Le train d'atterrissage vrombissait. Le tarmac humide se rapprochait rapidement et, comme à chaque atterrissage, j'attendais avec appréhension cette secousse, synonyme d'un retour sur terre. Dans l'habitacle résonna une petite sonnerie suivie de la voix étouffée du capitaine qui déblatéra un charabia incompréhensible. Je récupérai mon bagage, enfilai mon sac à dos et traversai l'allée les oreilles bouchées pour sortir sur la piste, sous une bruine froide et désagréable.

Bienvenue en Angleterre.


Je déambulai dans l'aéroport, toujours entre deux temps dans ces lieux si similaires. J'essayai moi aussi d'atterrir. Lorsque je passai les dernières portes automatiques pour entrer dans le hall public, mes yeux fendirent la foule à la recherche d'un visage familier. Ce fut celui de Tomas qui me trouva en premier. Etonnée, je m'approchai.

– Salut, la touriste ! s'exclama-t-il en me serrant dans ses bras. Allez, donne-moi ton sac, t'as l'air de galérer sévère.

Je grimaçai pour répondre, mais me délestai d'une partie de mes bagages. Il me demanda comment s'était passé le vol en sortant de l'aéroport pour se diriger vers le parking souterrain, niveau -2, allée L (jaune), place 204. Lorsqu'il déverrouilla la voiture, j'installai mes bagages dans le coffre et me dirigeai vers la portière droite. Il se moqua de moi gentiment – De l'autre côté, miss. Sauf si tu veux conduire ! Avant de démarrer, Tomas répondit enfin à mon regard interloqué :

– Dan a fait une crise d'angoisse cet aprèm.

– Il va bien ?

– On va dire que oui, dit-il avec un haussement d'épaule las. Tu dois t'en douter Sarah, mais c'est franchement pas la joie en ce moment. Tout le monde est tendu. On n'arrête pas de s'engueuler mon père, Daniel et moi...

– Et Rebecca ?

– Elle temporise comme elle peut. C'est égoïste mais je suis content que tu sois là. J'espère que ça va faire oublier le bordel ambiant.

– Si ça peut aider.

– Ça va vraiment pas être des vacances pour toi, tu sais...

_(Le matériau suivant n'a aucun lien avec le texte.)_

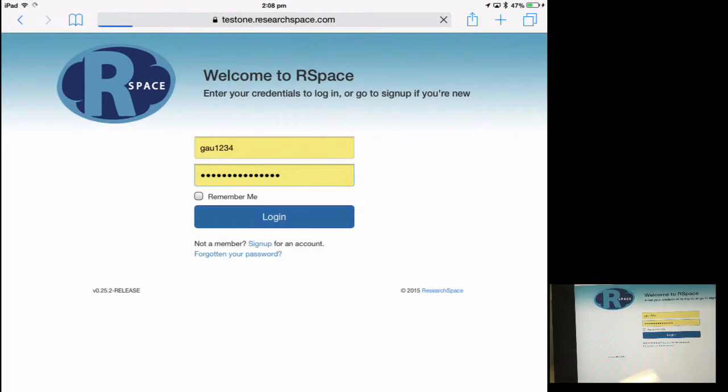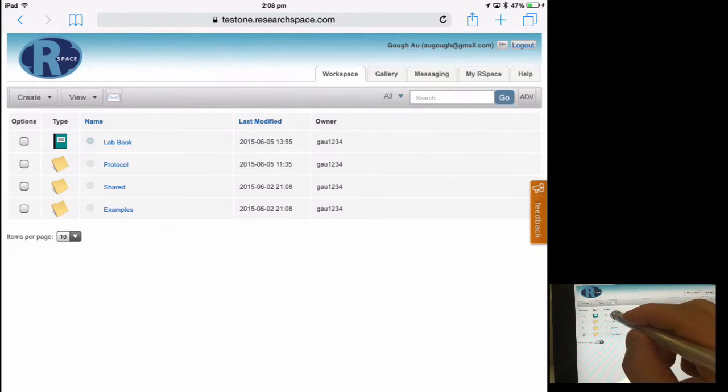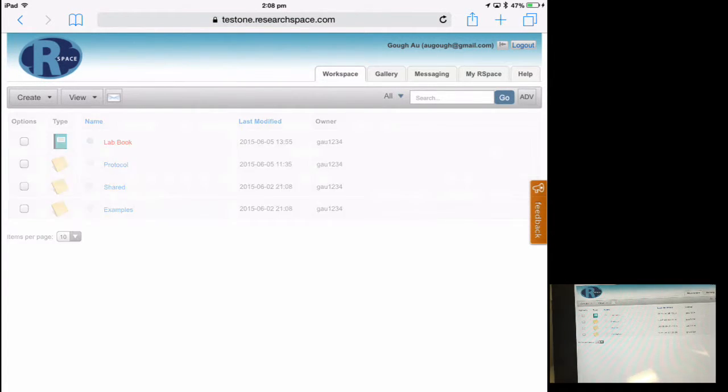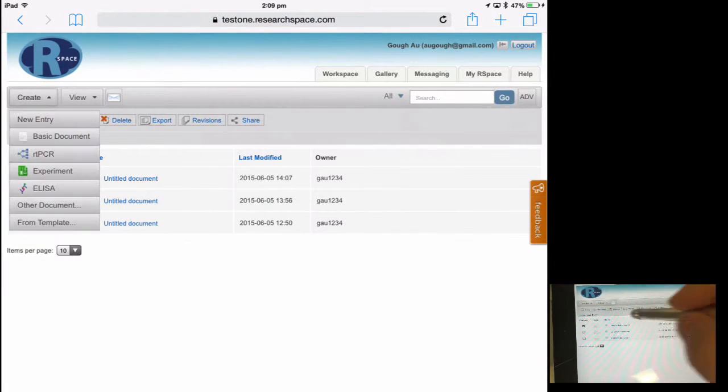Because RSpace runs through a web browser, it's fully compatible with mobile devices. In this instance we're running RSpace through Safari on an iPad.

– T'inquiète pas, la semaine prochaine, je pars avec Julie à la mer !

– Qu'est-ce que je donnerai pas pour y aller avec vous !


La voiture prit la route à gauche sous un crachin qui mouillait le paysage verdoyant. Nous étions en plein mois de juillet, mais il faut croire que le temps restait maussade à Manchester, même en été. Je ne savais pas à quoi m'attendre en venant ici. Cela s'était décidé trop précipitamment.

Le traitement du cancer du père de Daniel et Tomas, diagnostiqué en février, avait démarré. Depuis, il suivait une chimiothérapie agressive afin de réduire la tumeur pour subir une opération d'ablation. Il la supportait très mal, moralement et physiquement. Du jour au lendemain, Daniel avait plié bagage pour le rejoindre. Il avait déprogrammé ses contrats sous les foudres de ses agents et était arrivé il y a trois semaines maintenant.

Et alors que nous voulions profiter des vacances estivales pour nous balader sur les côtes croates, je me retrouvais en Angleterre pour six jours et partais ensuite rejoindre Julie et d'autres amis au Pays Basque, bien moins glamour, sans Daniel qui restait à Manchester jusqu'à la fin du traitement de son père en août.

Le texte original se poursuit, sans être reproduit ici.